9 min read

CloudSkew makes it easy to sketch cloud architecture diagrams

CloudSkew is a free online diagram editor that helps you draw cloud architecture diagrams. CloudSkew diagrams can be securely saved to the cloud and icons for AWS, Microsoft Azure, Google Cloud Platform, Kubernetes, Alibaba Cloud, Oracle Cloud (OCI), and more are included.

CloudSkew is currently in public preview and the full list of features and capabilities can be seen here, as well as sample diagrams here. In this post, we’ll review CloudSkew’s building blocks, as well as discuss the lessons learned, key decisions, and trade-offs made in developing the editor.

diagram of CloudSkew architecture

Cloudskew architecture

CloudSkew’s infrastructure is built on several Azure services, pieced together like LEGO blocks. Let’s review the individual components below.

Apps

At its core, CloudSkew’s front-end consists of two web apps:

  • Landing page: static VuePress site, with all pages authored in Markdown. The default VuePress theme is used without any customization, although we’re loading some marketplace plugins for support image zoom, Google Analytics, sitemap, and more. All images on this site are loaded from a CDN. We chose VuePress for SSG primarily due to its simplicity.
  • Diagram editor: an Angular 8 SPA written in TypeScript. To access the app, users login using GitHub or LinkedIn credentials. This app also loads all of its static assets from a CDN, while relying on the back-end web APIs for fetching dynamic content. The choice of Angular as the front-end framework was mainly driven by our familiarity with it from prior projects.

Web APIs

The back-end consists of two web API apps, both authored using ASP.NET Core 3.1:

  • CloudSkew APIs facilitate CRUD operations over diagrams, diagram templates, and user profiles.
  • DiagramHelper APIs are required for printing or exporting (as PNG/JPG) diagrams. These APIs are isolated in a separate app since the memory footprint is higher, causing the process to recycle more often.

Using ASP.NET Core’s middleware, we ensure that:

The web APIs are stateless and operate under the assumption that they can be restarted or redeployed any time. No sticky sessions and affinities, no in-memory state, and all state is persisted to databases using EF Core (an ORM).

Separate DTO/REST and DBContext/SQL models are maintained for all entities, with AutoMapper rules being used for conversions between the two.

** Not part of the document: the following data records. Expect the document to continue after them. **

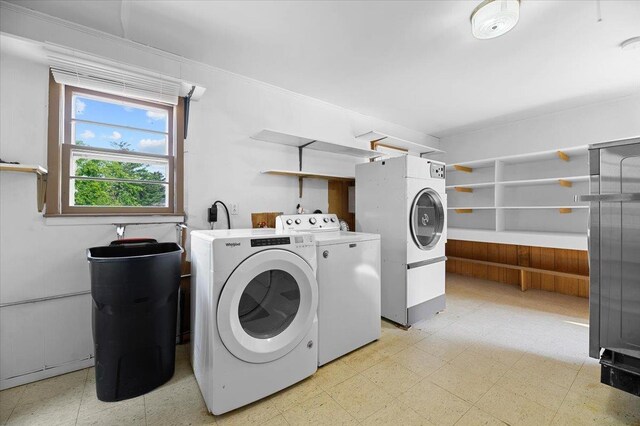 230 N Main St, Spearfish, SD 57783 - laundry area with washing machine and dryer and light floors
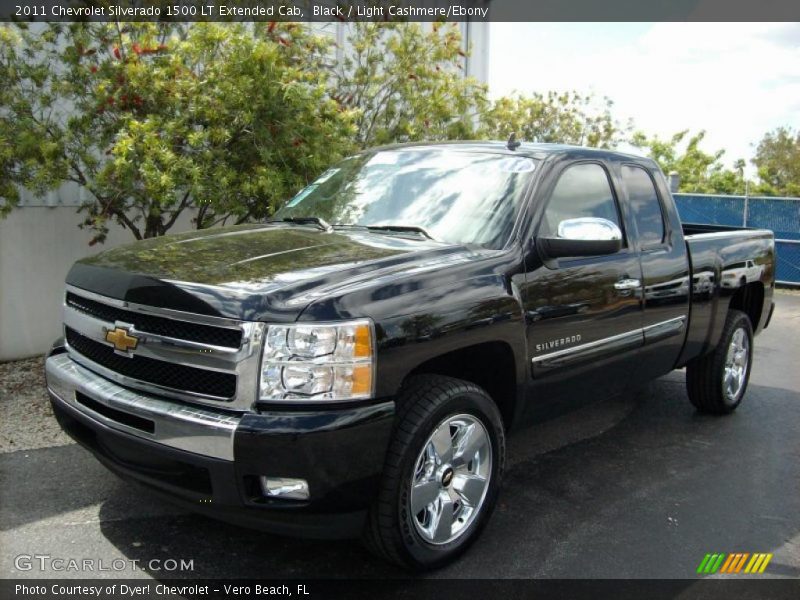 Black / Light Cashmere/Ebony 2011 Chevrolet Silverado 1500 LT Extended Cab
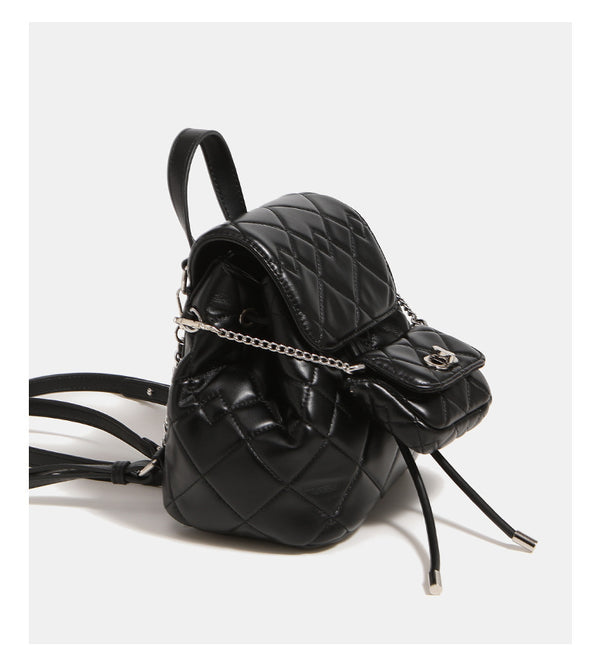 Kleiner gesteppter Rucksack in Lederoptik mit Rautensteppung, silberfarbenem Kettenelement, Vordertasche mit Drehverschluss und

Identity, AuthN, and AuthZ

Auth0 is used as the (OIDC compliant) identity platform for CloudSkew. Users can login via GitHub or LinkedIn. The handshake with these identity providers is managed by Auth0 itself. Using implicit flow, ID, and access tokens (JWTs) are granted to the diagram editor app. The Auth0.JS SDK makes all this very easy to implement. All calls to the back-end web APIs use the access token as the bearer.

auth0 social connections screenshot

Auth0 creates and maintains the user profiles for all signed-up users. Authorization/RBAC is managed by assigning Auth0 roles to these user profiles. Each role contains a collection of permissions that can be assigned to the users (they show up as custom claims in the JWTs).

Auth0 rules are used to inject custom claims in the JWT and whitelist/blacklist users.

Databases

Azure SQL Database is used for persisting user data, primarily for Diagram, DiagramTemplate, and UserProfile. User credentials are not stored in CloudSkew’s database (that part is handled by Auth0). User contact details like emails are MD5 hashed.

Because of CloudSkew’s auto-save feature, updates to the Diagram table happens very frequently. Some steps have been taken to optimize this:

  • Debouncing the auto-save requests from the diagram editor UI to the Web API.
  • Use of a queue for load-leveling the update requests (see this section for details).

For the preview version, the Azure SQL SKU being used in production is Standard/S0 with 20 DTUs (single database). Currently, the database is only available in one region. Auto-failover groups and active geo-replication (read-replicas) are not currently being used.

Azure SQL’s built-in geo-redundant database backups offer weekly full database backups, differential DB backups every 12 hours, and transaction log backups every five to 10 minutes. Azure SQL internally stores the backups in RA-GRS storage for seven days. RTO is 12 hours and RPO is 1 hour. Perhaps less than ideal, but we’ll look to improve this once CloudSkew’s usage grows.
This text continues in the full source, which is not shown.